The murder of a former IRA supergrass has been described by a coroner as one of the most brutal he has ever seen.
Eamon Collins refused to be intimidated from his home
The inquest heard Eamon Collins's body was found with severe head injuries at Doran's Hill, Newry, in 1999.
Coroner John Leckey and State Pathologist Jack Crane agreed it was one of the most brutal, horrific and grotesque murders they had encountered.
Mr Collins had received numerous death threats from the IRA but refused to move from his home.
Mr Leckey said he hoped the "sub-human thugs who carried out the murder" would be caught, charged and given the appropriate sentence.
Retired detective chief inspector Kenneth McFarland, who led the investigation into the killing, said: "I believe south Armagh Provisional IRA carried out this murder.
"It was one of the most horrific murders in almost 30 years that I have seen."
A member the Historical Enquiries Team told the court the case was being re-examined.
Mr Collins turned supergrass after he was arrested by the RUC in 1985.
More than 40 suspects were detained but most were released after his change of heart under pressure from his family.
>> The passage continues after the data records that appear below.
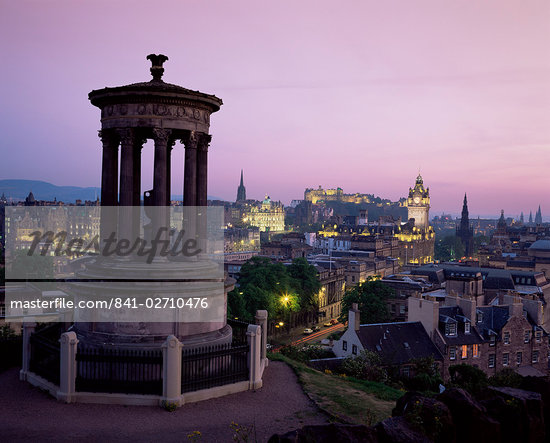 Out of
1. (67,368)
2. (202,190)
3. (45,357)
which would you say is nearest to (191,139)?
(202,190)

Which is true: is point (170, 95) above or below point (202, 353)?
above

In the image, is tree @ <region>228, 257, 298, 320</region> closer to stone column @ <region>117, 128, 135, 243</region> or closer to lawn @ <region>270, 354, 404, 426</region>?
lawn @ <region>270, 354, 404, 426</region>

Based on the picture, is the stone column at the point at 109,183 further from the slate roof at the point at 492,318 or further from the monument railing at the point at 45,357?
the slate roof at the point at 492,318

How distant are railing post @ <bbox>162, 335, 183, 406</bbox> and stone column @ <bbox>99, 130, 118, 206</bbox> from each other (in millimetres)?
7998

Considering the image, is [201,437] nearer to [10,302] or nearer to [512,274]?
[10,302]

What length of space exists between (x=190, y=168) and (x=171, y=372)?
943cm

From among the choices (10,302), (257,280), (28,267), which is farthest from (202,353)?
(28,267)

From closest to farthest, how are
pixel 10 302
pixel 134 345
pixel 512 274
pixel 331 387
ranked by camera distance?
pixel 134 345 → pixel 331 387 → pixel 10 302 → pixel 512 274

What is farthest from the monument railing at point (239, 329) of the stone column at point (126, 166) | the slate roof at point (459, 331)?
the slate roof at point (459, 331)

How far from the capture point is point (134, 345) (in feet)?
67.6

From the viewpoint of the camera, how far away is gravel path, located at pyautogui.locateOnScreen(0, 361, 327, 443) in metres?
15.9

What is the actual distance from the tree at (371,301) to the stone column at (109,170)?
4996cm

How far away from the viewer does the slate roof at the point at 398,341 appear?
4647cm

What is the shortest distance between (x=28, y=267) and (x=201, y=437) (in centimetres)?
7441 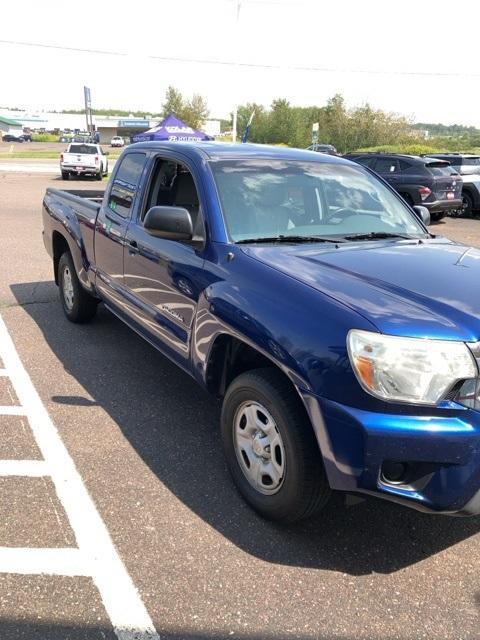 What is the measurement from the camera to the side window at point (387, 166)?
16234 millimetres

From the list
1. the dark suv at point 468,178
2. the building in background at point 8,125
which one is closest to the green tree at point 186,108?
the dark suv at point 468,178

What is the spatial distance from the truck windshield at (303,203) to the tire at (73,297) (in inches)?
103

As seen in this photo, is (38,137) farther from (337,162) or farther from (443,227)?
(337,162)

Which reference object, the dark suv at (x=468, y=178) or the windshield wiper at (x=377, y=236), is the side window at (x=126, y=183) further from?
the dark suv at (x=468, y=178)

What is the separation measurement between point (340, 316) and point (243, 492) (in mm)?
1173

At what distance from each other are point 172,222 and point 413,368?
5.59 ft

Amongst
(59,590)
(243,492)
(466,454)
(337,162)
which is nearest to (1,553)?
(59,590)

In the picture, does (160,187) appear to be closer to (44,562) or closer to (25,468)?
(25,468)

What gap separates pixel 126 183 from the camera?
4.80 meters

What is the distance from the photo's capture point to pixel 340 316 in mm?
2484

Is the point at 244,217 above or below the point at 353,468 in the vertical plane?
above

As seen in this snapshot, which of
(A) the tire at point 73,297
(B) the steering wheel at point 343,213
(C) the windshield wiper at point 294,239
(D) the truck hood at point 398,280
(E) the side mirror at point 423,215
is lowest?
(A) the tire at point 73,297

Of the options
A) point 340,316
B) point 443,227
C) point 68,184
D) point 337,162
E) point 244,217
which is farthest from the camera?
point 68,184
He was later charged with 50 terrorist offences including five murders and membership of the IRA but walked free from Belfast Crown Court after the judge dismissed his alleged confessions.
Eamon Collins rose to prominence after the publication of his book, Killing Rage, and wrote numerous articles for national newspapers.
In his book, he described how an undercover British Army officer was tortured and murdered in 1977 and how his body was disposed of in a meat mincer.
He said he was told the details while he was on the run in the early 1980s.